Statistics add-in software for statistical analysis in Excel
  • Tutorials
  • Correlation / PCA tutorial

Reducing the dimensionality of the data

Due to the large number of variables in the dataset, it is hard to comprehend all of the relationships between the variables using a scatter plot or correlation matrix. Using a data reduction technique such as principal components analysis (PCA) reduces the dimensionality of the dataset whilst retaining as much of the variability in the data as possible. The first few principal components retain most of the variation in the original variables, and, to make interpretation simpler, they can be used to describe the relationships between the original variables and similarities between observations.

PCA is a mathematical technique that reduces dimensionality by creating a new set of variables called principal components. The first principal component is a linear combination of the original variables and explains as much variation as possible in the original data. Each subsequent component explains as much of the remaining variation as possible under the condition that it is uncorrelated with the previous components.

  1. On the Analyse-it ribbon tab, in the PCA group, click Principal Components.
    The Principal Components task is added to the analysis task pane.
  2. Select Scale.
  3. Select Variances, Coefficients, and Color maps.
  4. Click Recalculate.
    The results are calculated and the analysis report opens.

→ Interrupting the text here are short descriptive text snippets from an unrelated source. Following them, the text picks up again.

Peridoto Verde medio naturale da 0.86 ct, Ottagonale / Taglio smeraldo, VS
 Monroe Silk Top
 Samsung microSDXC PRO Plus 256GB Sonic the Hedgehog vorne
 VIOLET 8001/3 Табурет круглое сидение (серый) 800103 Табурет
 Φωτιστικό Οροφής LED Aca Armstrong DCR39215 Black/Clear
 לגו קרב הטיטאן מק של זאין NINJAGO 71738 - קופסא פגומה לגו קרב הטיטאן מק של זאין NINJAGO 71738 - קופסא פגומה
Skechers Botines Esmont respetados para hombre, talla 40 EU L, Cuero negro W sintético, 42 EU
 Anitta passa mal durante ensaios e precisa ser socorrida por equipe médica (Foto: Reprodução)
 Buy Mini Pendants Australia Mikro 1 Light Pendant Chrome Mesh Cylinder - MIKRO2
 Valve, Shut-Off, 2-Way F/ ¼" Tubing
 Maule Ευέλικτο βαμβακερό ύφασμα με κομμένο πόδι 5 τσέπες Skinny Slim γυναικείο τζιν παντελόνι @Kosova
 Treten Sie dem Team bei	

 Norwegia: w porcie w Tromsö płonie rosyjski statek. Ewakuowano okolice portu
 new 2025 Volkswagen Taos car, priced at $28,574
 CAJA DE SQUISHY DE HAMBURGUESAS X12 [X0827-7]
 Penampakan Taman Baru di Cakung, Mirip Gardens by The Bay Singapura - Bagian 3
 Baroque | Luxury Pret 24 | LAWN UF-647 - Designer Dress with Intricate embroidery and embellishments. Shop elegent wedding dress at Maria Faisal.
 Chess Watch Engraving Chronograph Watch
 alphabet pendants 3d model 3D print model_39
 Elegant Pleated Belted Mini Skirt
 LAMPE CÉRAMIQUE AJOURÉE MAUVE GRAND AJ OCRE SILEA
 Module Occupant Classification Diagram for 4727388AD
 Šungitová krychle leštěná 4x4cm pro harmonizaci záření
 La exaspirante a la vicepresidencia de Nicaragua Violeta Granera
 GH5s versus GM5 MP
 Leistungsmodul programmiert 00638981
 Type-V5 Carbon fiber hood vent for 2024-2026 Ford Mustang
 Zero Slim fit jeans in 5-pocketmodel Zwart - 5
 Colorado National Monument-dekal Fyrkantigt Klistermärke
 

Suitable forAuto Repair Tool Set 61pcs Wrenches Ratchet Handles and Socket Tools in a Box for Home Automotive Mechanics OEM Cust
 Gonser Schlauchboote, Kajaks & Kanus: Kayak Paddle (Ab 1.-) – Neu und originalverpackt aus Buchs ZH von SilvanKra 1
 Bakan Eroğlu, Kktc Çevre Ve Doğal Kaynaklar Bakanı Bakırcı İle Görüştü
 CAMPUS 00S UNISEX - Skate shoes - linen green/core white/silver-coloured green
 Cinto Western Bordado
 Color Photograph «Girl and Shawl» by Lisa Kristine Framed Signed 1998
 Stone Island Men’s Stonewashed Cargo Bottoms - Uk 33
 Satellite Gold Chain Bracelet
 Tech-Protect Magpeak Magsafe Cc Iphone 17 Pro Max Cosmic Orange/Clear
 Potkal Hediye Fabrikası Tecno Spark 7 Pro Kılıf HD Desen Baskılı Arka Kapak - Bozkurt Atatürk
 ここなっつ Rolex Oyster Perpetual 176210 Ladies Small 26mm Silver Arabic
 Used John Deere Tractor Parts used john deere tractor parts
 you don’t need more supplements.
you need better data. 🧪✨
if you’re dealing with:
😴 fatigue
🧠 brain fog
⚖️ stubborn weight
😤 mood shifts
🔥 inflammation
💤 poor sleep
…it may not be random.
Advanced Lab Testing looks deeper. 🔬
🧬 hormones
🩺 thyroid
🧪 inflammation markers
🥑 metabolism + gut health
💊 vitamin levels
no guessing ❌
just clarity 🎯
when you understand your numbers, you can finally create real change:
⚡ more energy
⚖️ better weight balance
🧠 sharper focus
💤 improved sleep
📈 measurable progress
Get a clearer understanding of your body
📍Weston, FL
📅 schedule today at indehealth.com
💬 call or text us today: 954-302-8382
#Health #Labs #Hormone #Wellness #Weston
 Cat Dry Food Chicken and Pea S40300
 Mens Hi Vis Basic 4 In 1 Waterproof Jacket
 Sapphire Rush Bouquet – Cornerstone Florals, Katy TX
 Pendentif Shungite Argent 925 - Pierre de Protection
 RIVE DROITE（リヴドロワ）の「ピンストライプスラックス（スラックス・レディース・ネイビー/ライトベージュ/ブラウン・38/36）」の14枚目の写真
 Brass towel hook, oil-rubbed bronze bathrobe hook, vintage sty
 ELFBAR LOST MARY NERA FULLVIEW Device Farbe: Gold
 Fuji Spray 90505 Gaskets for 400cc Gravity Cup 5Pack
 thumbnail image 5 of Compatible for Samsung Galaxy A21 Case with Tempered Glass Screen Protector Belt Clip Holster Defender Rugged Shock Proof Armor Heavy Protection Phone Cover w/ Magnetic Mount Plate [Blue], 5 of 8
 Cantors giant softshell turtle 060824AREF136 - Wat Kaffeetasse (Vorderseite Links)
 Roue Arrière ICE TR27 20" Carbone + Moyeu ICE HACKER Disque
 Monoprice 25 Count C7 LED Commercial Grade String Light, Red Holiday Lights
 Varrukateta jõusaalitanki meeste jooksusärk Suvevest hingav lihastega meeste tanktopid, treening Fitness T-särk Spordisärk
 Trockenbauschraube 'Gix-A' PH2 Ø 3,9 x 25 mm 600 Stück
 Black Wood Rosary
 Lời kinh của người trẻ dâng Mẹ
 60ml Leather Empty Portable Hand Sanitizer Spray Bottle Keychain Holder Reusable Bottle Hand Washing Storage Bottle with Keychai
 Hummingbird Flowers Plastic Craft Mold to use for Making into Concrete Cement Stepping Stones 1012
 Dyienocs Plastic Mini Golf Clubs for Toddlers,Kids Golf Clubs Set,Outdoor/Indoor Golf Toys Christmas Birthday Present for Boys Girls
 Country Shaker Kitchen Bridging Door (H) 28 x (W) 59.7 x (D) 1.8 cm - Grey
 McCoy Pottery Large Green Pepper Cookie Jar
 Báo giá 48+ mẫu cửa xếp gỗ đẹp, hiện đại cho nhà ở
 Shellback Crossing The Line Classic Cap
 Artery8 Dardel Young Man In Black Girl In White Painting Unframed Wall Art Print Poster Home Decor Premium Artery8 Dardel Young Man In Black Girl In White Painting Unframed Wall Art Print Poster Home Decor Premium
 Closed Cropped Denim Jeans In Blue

The variances table shows the amount of variance in the original data explained by each principal component (also called the eigenvalues). Because the data was standardized, a principal component with a variance of 1 indicates that the component accounts for variation equivalent to one of the original variables. Also, the sum of all the variances equals the number of original variables.

PCA variances table

There are many ad-hoc rules regarding the number of components to retain to adequately describe the data. According to the table, the first two principal components account for nearly 70% of the variance in the original 12 variables, whilst the first three components account for nearly 80%.

The coefficients table shows the linear combinations that make each principal component, and the color map shows the structure of the components. Absolute values near zero indicate that a variable contributes little to the component, whereas larger absolute values indicate variables that contribute more to the component. The sign of the coefficients is irrelevant and may even differ when the analysis is performed on different computers.

PCA coefficients table

There is not necessarily a simple interpretable structure to the principal components because they are created to maximize the amount of variance whilst remaining uncorrelated with the other components. By trying to interpret the coefficients in the table, we can see that the first component is an average of many different variables; the second component represents mainly crime, wellness, and, to a lesser extent, schools and housing quality; and the third component – although it still has some reasonable sized contribution from other variables – represents mainly green space.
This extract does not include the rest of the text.